§ **The problem**
Find the line that contains "建筑结构延性抗震设计分析", then repeat it and each line after it to the end of the records, exactly.
★ ★ ★ ★
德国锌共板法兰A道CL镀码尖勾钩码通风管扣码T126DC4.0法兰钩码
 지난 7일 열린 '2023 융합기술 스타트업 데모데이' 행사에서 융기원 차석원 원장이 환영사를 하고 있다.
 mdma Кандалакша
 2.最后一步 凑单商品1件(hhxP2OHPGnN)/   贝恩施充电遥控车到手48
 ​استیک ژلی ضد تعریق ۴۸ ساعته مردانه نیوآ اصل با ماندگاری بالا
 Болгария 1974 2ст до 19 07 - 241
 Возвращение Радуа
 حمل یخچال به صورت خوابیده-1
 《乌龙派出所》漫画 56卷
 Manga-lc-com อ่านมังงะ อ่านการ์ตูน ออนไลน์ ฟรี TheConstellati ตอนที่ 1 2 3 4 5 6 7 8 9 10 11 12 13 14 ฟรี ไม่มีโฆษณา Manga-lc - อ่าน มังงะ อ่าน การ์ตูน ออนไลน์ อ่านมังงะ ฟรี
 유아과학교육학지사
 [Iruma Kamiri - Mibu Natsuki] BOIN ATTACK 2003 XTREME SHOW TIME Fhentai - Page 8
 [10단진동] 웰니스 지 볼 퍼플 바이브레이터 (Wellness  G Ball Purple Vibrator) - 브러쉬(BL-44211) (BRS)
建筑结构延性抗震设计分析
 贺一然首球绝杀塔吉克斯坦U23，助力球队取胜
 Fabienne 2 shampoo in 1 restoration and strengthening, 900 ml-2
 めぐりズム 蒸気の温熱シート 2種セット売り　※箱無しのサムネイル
★ ★ ★ ★
§ **Output for this task**
建筑结构延性抗震设计分析
 贺一然首球绝杀塔吉克斯坦U23，助力球队取胜
 Fabienne 2 shampoo in 1 restoration and strengthening, 900 ml-2
 めぐりズム 蒸気の温熱シート 2種セット売り　※箱無しのサムネイル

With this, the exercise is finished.